Why do these two code snippets have the same effect?

The type of a conditional expression does not depend on whether the condition is true or not.

decltype(b<a?a:b) is the type of the expression b<a?a:b, which is always the same.
It is not either decltype(a) or decltype(b) depending on the value of b<a.

Note that the expression you give to decltype is never evaluated - only its type is determined, and it is determined at compile time.

Somewhat informally:

• if a can be converted to the type of b, the expression has the same type as b
• if b can be converted to the type of a, the expression has the same type as a
• otherwise, the expression is ill-typed.

(There's also a trtuckload of nitty-gritty details about standard conversions and yada-yada involved, but this is the gist of it.)

For instance, this will not compile becuse there are no valid conversions that could give notgood a type:

int main()
{
     decltype(true ? "hello" : 123.4) notgood;
}

while this will compile, and run, and be well-defined, because the invalid dereference is never evaluated:

int main()
{
    decltype(*(int*)0 + 1)` x = 0;
    return x;
}

Because the type returned by a ternary operator is decided according the types of the second and third arguments, not according the value of the first.

You can verify this with the following code

#include <type_traits>

int main ()
 {
   auto x = true ? 1 : 2l;

   static_assert( std::is_same<decltype(x), long>::value, "!" );
 }

Isn't important that true ? 1 : 2l return ever 1; the ternary operator return a common type between 1 (int) and 2l (long). That is long.

In other words: there isn't (at the moment) a constexpr ternary operator.

The rules for determining the type of a conditional expression are described here.

As the others have already said, the key is to realize that the expression

E1 ? E2 : E3

taken as a whole is an expression, and an expression has a single type (and value category) determined at compile time. It can't change type depending on which path is taken, because in general that isn't known until runtime.

So, the rules are pretty extensive. Skipping the void and bit-field special cases, it works something like this:

1. If either E2 or E3 has type void ... assume they don't.
2. Otherwise, if E2 or E3 are glvalue bit-fields ... assume they aren't.

3. Otherwise, if E2 and E3 have different types, at least one of which is a (possibly cv-qualified) class type ...

   OK, this one might be true. We don't yet know the types of E1 and E2, but it's certainly plausible.

   If this case applies, there's a whole list of steps it must follow, and if it succeeds then it figured out either how to implicitly convert E1 to E2, or E2 to E1. Whichever, we pick up at the next step with two subexpressions of the same type.

4. If E2 and E3 are glvalues of the same type and the same value category, then the result has the same type and value category

   That is, if our original T1 and T2 are the same, then the type of the expression is just that. This is the simplest case.

   If they're different types but the compiler figured out an implicit conversion in step 3 above, we're looking at either (T1,T1) or (T2,T2) and the same applies.
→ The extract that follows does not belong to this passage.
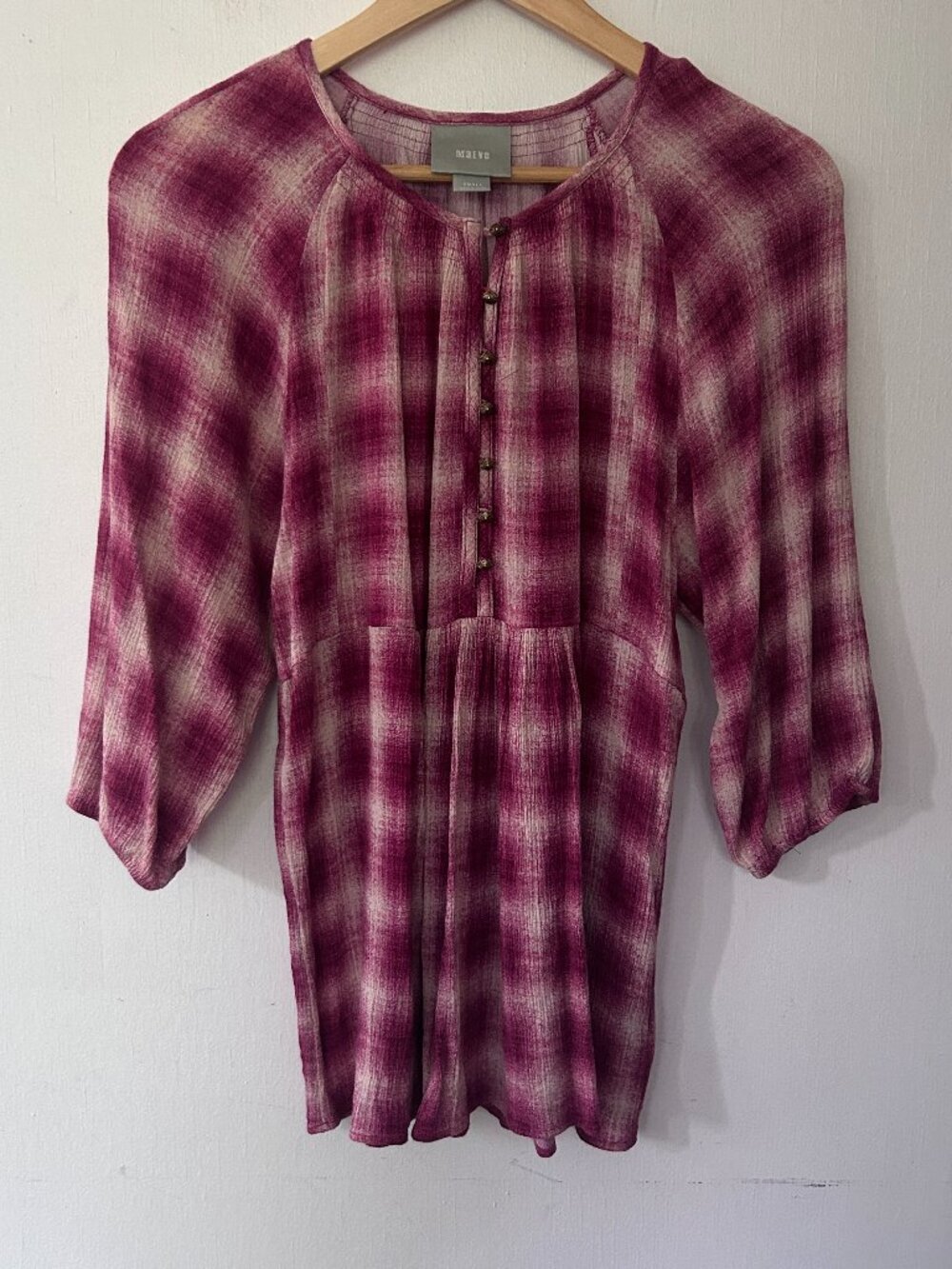 Maeve Peasant Blouse Small Purple Red Checked Peplum Boho Cottagecore Feminine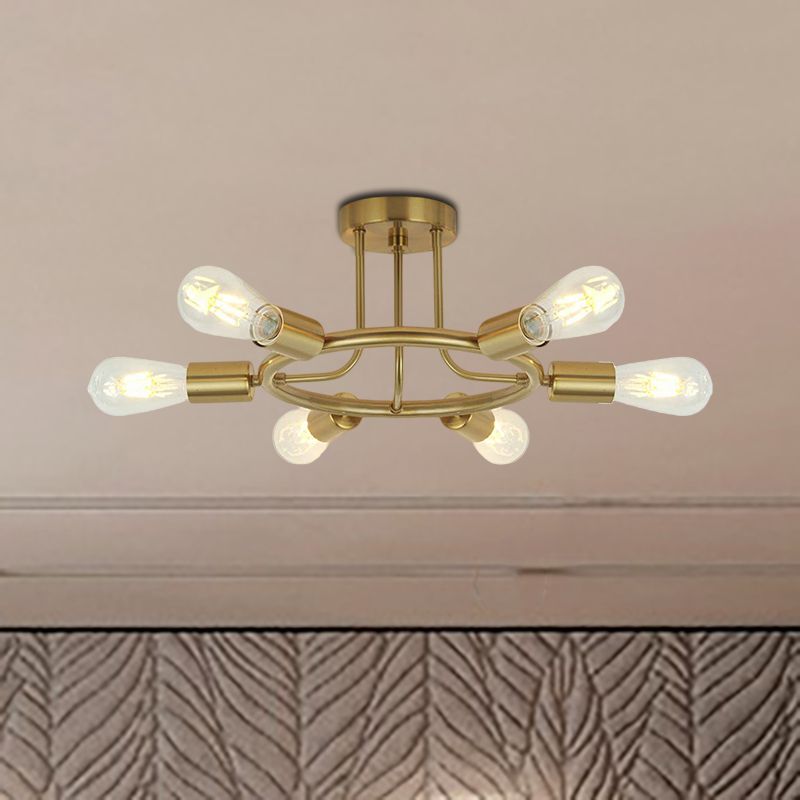 Bare Bulb Semi Flush Ceiling Light Mid Century Metallic 6 Heads Semi Mount Light in Brass/Black Finish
5. Otherwise, the result is a prvalue [roughly - anonymous temporary]. If E2 and E3 do not have the same type, and either has (possibly cv-qualified) class type, overload resolution is performed using the built-in candidates below to attempt to convert the operands to built-in types ... the converted operands are used in place of the original operands for step 6

   Maybe they're classes with conversion operators like operator bool - then we haven't found another answer, so we'll do the conversion to bool and keep going.

6. The lvalue-to-rvalue, array-to-pointer, and function-to-pointer conversions are applied to the second and third operands

   These are a bunch of standard implicit conversions just to make both sides as similar as possible.

   Then,

   1. If both E2 and E3 now have the same type, the result is a prvalue of that type

      We managed to massage both sides to have the same type, hooray!

   2. If both E2 and E3 have arithmetic or enumeration type: the usual arithmetic conversions are applied to bring them to common type, and that type is the result

      The usual arithmetic conversions are what allow you to add, say, and int and a double and get some result. This will work the same way.

   3. etc. etc.